From this, Held develops the concept of a cosmopolitan democratic law. Since any global force can affect individual autonomy regardless of location or state membership, laws to protect autonomy must be realised globally. They must also guarantee autonomy in the various bodies politic and the various sites of power, which are multifaceted: from local to global, from cities to states, from corporations and entire economic markets.

From 1995 to 2011

Until now, the world has lacked the mechanical solutions for organising polities around the issues that affect them. But social media, and a little Arab Spring inspiration, can connect people (like Google+ circles!) around the issues they care about, regardless of national borders. The occupy movements are trying to give some physical presence to global online movements. The banking industry globalised long ago – that’s why they run the show. It’s time global democratic governance stepped up too. 

Below is the manifesto from the ‘United for #globaldemocracy movement’, though movement may be too strong a word, published in the Guardian on Friday. (Geeky spot: note how they list New York as though it were a country)

United for #GlobalDemocracy
On 15 October 2011, united in our diversity, united for global change, we demand global democracy: global governance by the people, for the people.
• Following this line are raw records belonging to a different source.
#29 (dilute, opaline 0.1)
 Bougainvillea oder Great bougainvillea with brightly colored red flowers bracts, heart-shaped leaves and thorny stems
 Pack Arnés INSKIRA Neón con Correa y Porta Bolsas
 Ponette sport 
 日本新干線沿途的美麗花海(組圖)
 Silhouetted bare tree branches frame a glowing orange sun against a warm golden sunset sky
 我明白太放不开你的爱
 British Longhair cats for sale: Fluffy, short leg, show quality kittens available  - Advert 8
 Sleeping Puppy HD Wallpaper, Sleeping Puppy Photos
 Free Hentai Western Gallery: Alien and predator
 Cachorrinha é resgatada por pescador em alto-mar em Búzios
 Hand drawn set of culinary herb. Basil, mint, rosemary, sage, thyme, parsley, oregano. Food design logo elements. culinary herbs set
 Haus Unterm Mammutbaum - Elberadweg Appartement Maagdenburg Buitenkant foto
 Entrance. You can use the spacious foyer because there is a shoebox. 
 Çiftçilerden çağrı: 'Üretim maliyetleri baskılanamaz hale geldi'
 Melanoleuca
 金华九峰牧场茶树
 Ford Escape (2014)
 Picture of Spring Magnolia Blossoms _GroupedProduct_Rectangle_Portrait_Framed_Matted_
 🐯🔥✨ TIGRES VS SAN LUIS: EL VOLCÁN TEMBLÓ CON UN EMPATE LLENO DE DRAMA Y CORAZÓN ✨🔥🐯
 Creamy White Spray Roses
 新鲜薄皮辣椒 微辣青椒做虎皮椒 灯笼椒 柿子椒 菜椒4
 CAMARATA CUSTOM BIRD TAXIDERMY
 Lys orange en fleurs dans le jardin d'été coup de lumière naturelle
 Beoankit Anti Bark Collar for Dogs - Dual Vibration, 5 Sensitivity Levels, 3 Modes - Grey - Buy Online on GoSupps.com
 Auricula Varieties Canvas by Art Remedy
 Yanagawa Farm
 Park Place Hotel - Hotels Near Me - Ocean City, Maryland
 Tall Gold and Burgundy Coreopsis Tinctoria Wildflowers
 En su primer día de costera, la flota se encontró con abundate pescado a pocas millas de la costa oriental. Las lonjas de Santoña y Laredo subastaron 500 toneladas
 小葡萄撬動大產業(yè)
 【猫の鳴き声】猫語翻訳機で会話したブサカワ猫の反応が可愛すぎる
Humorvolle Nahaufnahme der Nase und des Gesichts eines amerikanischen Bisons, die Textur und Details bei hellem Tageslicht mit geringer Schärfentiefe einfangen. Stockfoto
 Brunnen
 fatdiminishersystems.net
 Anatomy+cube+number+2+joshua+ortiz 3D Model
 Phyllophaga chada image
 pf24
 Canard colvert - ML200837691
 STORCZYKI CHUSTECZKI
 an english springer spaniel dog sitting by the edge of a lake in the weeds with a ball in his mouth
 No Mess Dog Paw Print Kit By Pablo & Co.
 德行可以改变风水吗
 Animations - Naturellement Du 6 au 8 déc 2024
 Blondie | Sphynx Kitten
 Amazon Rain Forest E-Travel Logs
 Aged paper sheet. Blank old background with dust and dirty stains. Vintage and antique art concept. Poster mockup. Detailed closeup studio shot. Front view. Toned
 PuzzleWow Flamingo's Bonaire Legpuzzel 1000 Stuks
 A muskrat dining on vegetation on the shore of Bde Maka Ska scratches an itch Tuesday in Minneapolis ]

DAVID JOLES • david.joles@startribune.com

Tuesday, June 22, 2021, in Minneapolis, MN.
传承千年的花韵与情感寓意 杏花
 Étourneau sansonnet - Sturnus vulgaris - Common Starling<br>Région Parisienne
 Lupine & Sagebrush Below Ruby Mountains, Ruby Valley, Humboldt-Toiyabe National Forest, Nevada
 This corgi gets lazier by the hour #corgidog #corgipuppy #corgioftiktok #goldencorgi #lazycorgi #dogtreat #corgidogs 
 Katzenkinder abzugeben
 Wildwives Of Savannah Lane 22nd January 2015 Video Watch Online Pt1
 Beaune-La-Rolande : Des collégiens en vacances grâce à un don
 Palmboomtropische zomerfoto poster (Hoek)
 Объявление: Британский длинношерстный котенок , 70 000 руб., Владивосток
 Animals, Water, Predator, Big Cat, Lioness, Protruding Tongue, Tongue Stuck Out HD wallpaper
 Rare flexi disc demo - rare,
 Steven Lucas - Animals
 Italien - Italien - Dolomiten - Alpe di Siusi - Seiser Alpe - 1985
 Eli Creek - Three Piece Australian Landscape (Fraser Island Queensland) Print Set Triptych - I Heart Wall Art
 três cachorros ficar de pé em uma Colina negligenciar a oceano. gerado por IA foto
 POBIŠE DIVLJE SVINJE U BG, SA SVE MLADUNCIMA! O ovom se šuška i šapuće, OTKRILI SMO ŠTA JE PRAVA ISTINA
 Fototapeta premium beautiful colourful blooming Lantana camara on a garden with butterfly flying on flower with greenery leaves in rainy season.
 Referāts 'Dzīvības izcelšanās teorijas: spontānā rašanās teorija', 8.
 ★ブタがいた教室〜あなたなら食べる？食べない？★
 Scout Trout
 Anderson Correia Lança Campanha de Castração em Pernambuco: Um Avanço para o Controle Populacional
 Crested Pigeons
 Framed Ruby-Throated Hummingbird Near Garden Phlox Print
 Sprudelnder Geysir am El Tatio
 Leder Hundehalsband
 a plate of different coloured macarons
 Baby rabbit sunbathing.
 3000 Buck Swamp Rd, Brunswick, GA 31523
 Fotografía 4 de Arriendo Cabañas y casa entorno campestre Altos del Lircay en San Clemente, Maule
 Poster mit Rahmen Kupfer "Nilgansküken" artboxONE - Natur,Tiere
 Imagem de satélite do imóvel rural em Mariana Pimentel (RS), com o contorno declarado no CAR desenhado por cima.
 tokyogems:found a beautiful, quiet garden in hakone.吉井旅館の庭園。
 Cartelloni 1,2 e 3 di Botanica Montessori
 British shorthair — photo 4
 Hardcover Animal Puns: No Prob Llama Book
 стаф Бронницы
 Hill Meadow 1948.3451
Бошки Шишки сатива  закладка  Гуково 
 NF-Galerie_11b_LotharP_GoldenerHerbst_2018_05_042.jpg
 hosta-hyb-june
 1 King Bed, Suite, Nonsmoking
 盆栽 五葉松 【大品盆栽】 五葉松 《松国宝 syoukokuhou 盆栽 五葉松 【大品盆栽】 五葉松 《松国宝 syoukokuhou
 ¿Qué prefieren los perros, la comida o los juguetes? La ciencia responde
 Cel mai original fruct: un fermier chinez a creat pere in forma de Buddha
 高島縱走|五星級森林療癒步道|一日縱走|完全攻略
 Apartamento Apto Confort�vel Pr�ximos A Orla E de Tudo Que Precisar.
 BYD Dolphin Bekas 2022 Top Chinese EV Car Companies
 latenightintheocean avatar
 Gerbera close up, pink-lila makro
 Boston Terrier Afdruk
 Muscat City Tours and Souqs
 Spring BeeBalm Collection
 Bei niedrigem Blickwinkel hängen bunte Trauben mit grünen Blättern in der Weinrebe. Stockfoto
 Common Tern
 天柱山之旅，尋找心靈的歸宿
Inspired by our sisters and brothers in Tunisia, Egypt, Libya, Syria, Bahrain, New York, Palestine-Israel, Spain and Greece, we too call for a regime change: a global regime change.


In the words of Vandana Shiva, the Indian activist, today we demand replacing the G8 with the whole of humanity – the G7,000,000,000.


Undemocratic international institutions are our global Mubarak, our global Assad, our global Gaddafi. These include: the IMF, the WTO, global markets, multinational banks, the G8/G20, the European Central Bank and the UN security council. Like Mubarak and Assad, these institutions must not be allowed to run people’s lives without their consent. We are all born equal, rich or poor, woman or man. Every African and Asian is equal to every European and American. Our global institutions must reflect this, or be overturned.


Today, more than ever before, global forces shape people’s lives. Our jobs, health, housing, education and pensions are controlled by global banks, markets, tax-havens, corporations and financial crises. Our environment is being destroyed by pollution in other continents. Our safety is determined by international wars and international trade in arms, drugs and natural resources. We are losing control over our lives. This must stop. This will stop. The citizens of the world must get control over the decisions that influence them in all levels – from global to local. That is global democracy. That is what we demand today.


Today, like the Mexican Zapatistas, we say “¡Ya basta! Aquí el pueblo manda y el gobierno obedece“: Enough! Here the people command and global institutions obey! Like the Spanish Tomalaplaza we say “Democracia Real Ya”: True global democracy now!” Today we call the citizens of the world: let us globalise Tahrir Square! Let us globalise Puerta del Sol!